● **What is expected**: Copy exactly the lines of the data below that run from the line holding "3 Bed Townhome" through the line holding "lot 1493 image: Amazon", both ends included.

● **Given data**:
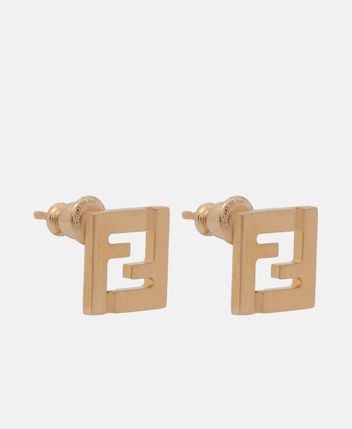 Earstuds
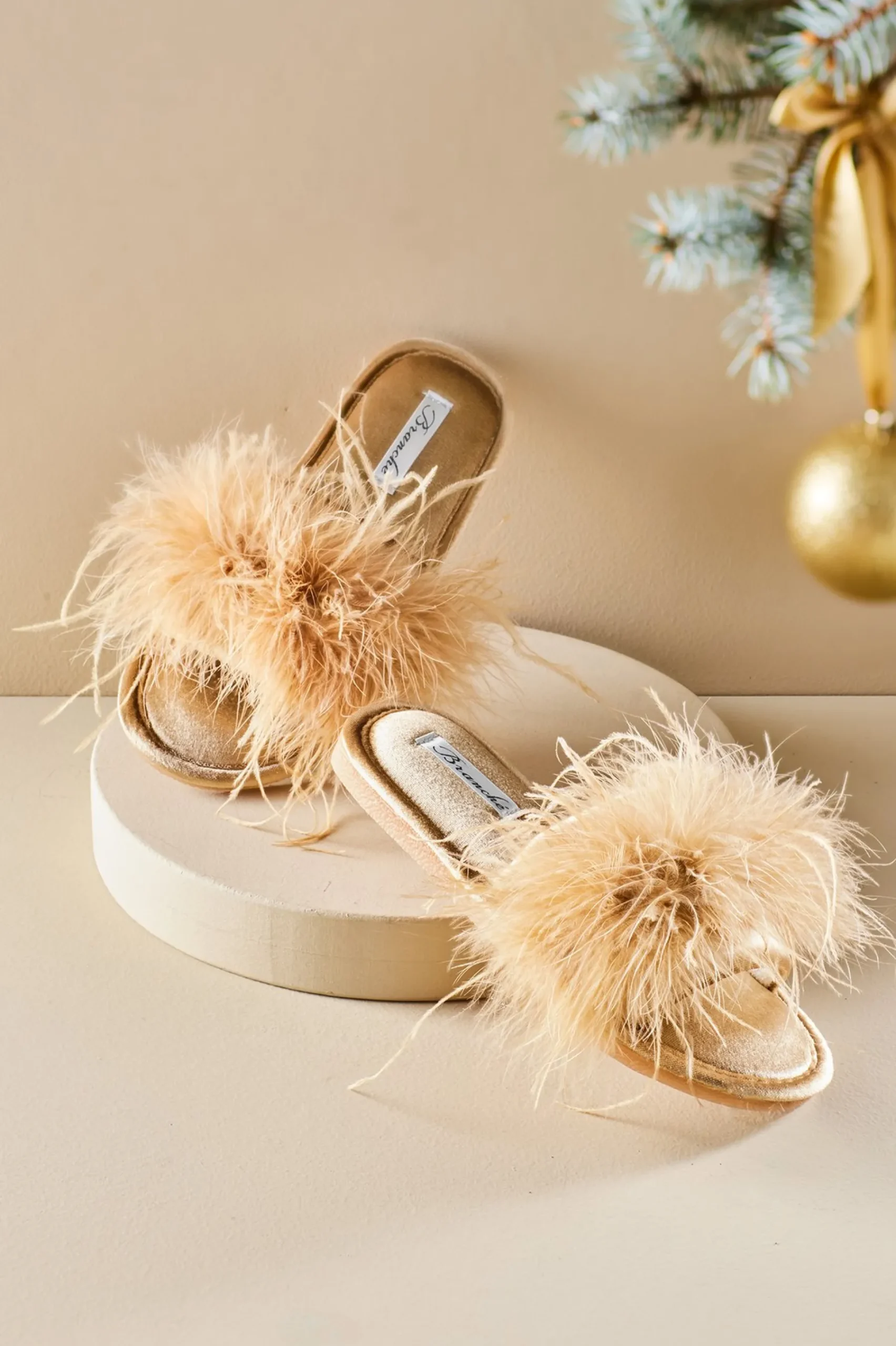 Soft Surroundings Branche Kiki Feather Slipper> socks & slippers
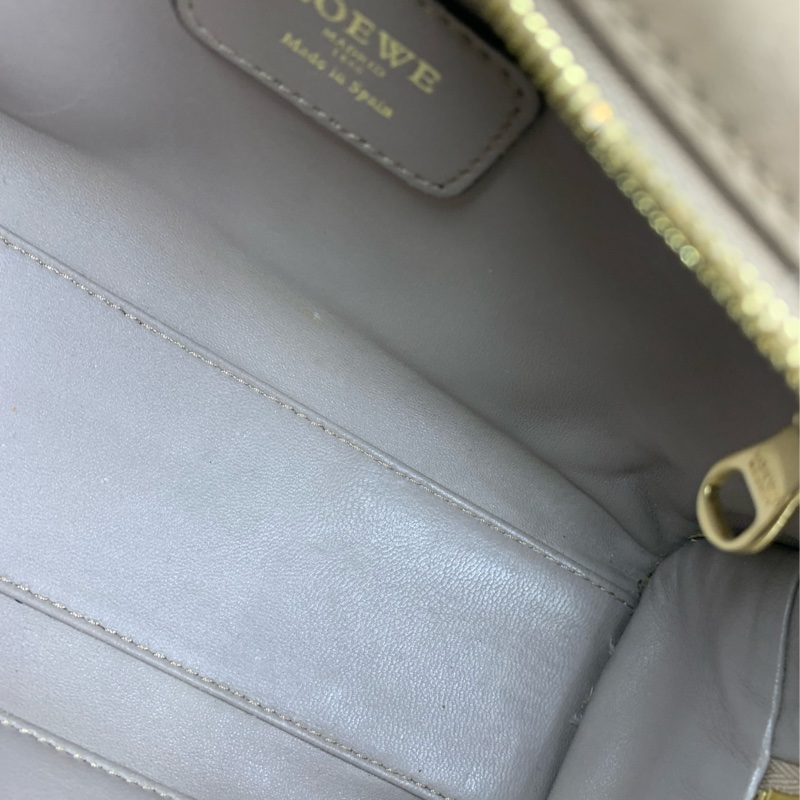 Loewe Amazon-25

...

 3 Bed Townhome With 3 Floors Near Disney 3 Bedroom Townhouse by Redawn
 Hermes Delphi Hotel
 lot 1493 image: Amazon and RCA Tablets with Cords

● **Your response**:
 3 Bed Townhome With 3 Floors Near Disney 3 Bedroom Townhouse by Redawn
 Hermes Delphi Hotel
 lot 1493 image: Amazon and RCA Tablets with Cords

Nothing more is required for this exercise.